O código prevê níveis que ajustam a intensidade das medidas. Em nível normal, aplicam-se controlos de rotina. Em nível reforçado, podem aumentar as verificações de identidade, inspeções a viaturas, restrições de visitantes e patrulhas. Em nível excecional, partes da operação podem ser limitadas, com bloqueio de áreas, controlo individualizado de acessos e coordenação direta com autoridades.

Para a instalação, a mudança de nível deve ser prática e inequívoca: quem autoriza, que acessos continuam abertos, que bookings são aceites, como se informa transportadores e que zonas do parque ficam condicionadas.

Exemplo operacional

Durante a receção de exportação, um camião chega ao gate com um contentor refrigerado. O número da unidade coincide com a instrução de embarque, mas o selo físico não corresponde ao selo comunicado. O operador regista a exceção, impede a entrada automática para o parque, direciona a viatura para uma baía de inspeção e informa proteção, operações e o agente.

A equipa compara fotografia do selo, documentos, histórico de movimentos e autorização do expedidor. Se a divergência tiver justificação válida, o contentor segue para a stack reefer com novo registo. Se houver suspeita, a unidade fica bloqueada numa localização controlada e a autoridade competente é notificada. O objetivo é resolver a exceção sem perder rastreabilidade nem criar risco para pessoas, carga ou navio.

Erros comuns

  • Tratar o plano como documento de auditoria, sem tradução para procedimentos usados no gate, cais e parque.
  • Permitir acessos manuais sem registo digital, motivo associado ou aprovação identificável.
  • Registar incidentes sem ligação a objetos operacionais, como contentor, camião, visita, escala, zona ou equipamento.
  • Manter listas desatualizadas para subcontratados, limpeza, reparadores e fornecedores.
  • Não testar cenários reais, como intrusão na vedação, falha de CCTV, unidade suspeita ou alteração de nível.
  • Ignorar o impacto no planeamento de parque quando uma carga fica retida.

Métricas úteis

  • tempo médio de resolução de ocorrências, por tipo e zona;
  • percentagem de acessos rejeitados ou corrigidos no gate;
  • número de discrepâncias de selo por 1.000 contentores movimentados;
  • tempo entre deteção, registo e notificação de ocorrência crítica;
  • percentagem de colaboradores e subcontratados com formação válida.

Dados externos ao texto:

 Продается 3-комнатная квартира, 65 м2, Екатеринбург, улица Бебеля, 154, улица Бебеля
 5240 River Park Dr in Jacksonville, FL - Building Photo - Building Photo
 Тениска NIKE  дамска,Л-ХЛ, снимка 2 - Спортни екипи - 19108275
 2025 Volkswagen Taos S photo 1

Em sistemas operacionais, incluindo plataformas de gestão de parque como o ContPark, estes dados podem ser ligados ao histórico de movimentos, posições no yard e autorizações de acesso. O valor operacional está na rastreabilidade: saber quem fez o quê, quando, onde e com que aprovação.

FAQ

O código aplica-se a todos os terminais?

Aplica-se a instalações portuárias que servem navios abrangidos pelas regras internacionais de proteção marítima. Muitos terminais de contentores, ro-ro e multipurpose operam com estes requisitos, em articulação com a autoridade portuária local.

Quem decide alterar o nível de proteção?

A decisão costuma envolver a autoridade competente, a administração portuária e o PFSO. O terminal deve ter procedimentos preparados para aplicar a alteração sem improvisar no momento.

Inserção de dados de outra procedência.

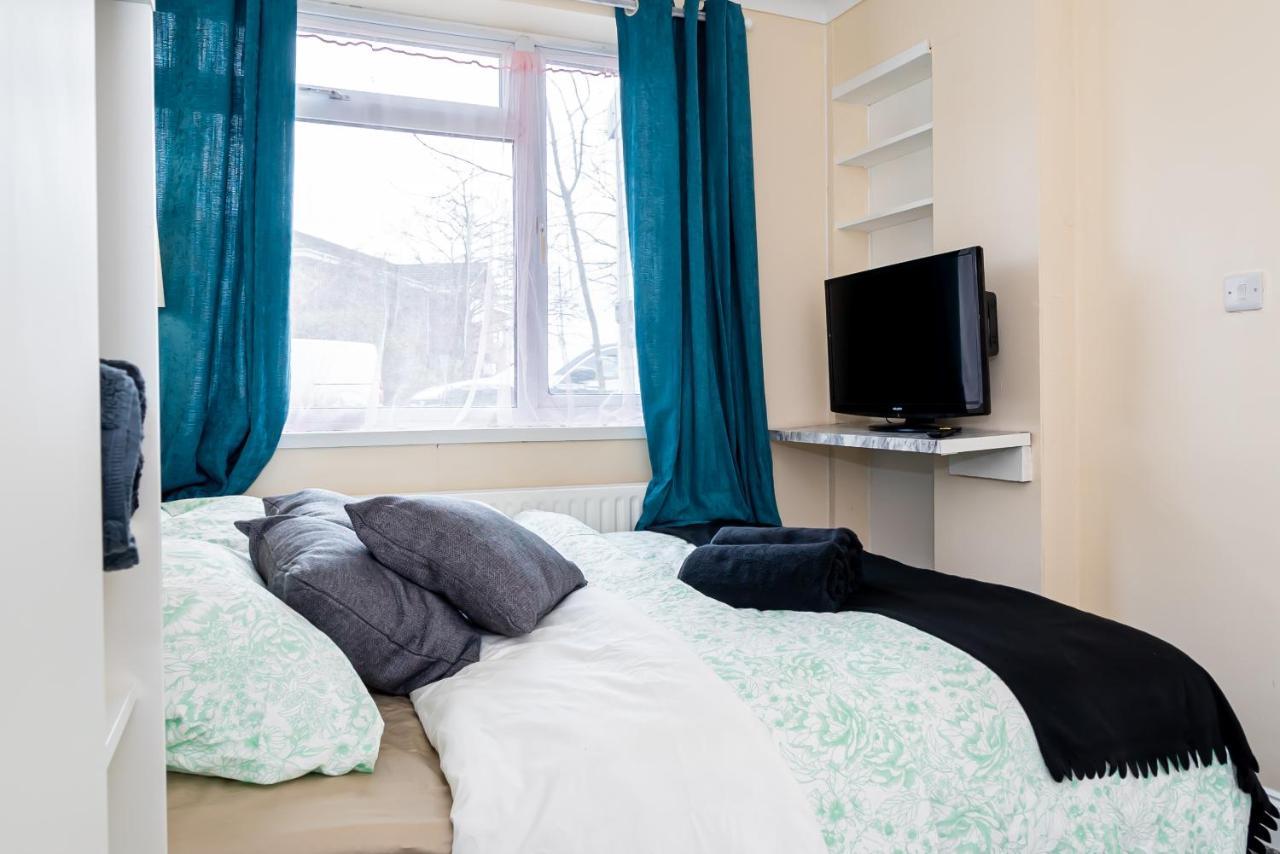 Shirley House 3, Guest House, Self Catering, Self Check In With Smart Locks, Use Of Fully Equipped Kitchen, Close To City Centre, Ideal For Longer Stays, Walking Distance To Bat, 20 Min Drive To Fawley Refinery, Excellent Transport Links Southampton Eksteriør billede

Um contentor suspeito deve ser movimentado?

Depende do risco e das instruções da autoridade. Pode ser necessário isolá-lo numa zona definida, bloquear movimentos no sistema e preservar evidência. A prioridade é controlar a unidade sem comprometer pessoas, carga ou operação do navio.

Qual é a diferença entre security e safety?

Neste contexto, security refere-se a ameaças intencionais, como intrusão, sabotagem ou acesso não autorizado. Safety trata da prevenção de acidentes operacionais, como colisões, atropelamentos, quedas ou falhas de equipamento. Num terminal bem gerido, as duas áreas trabalham em conjunto.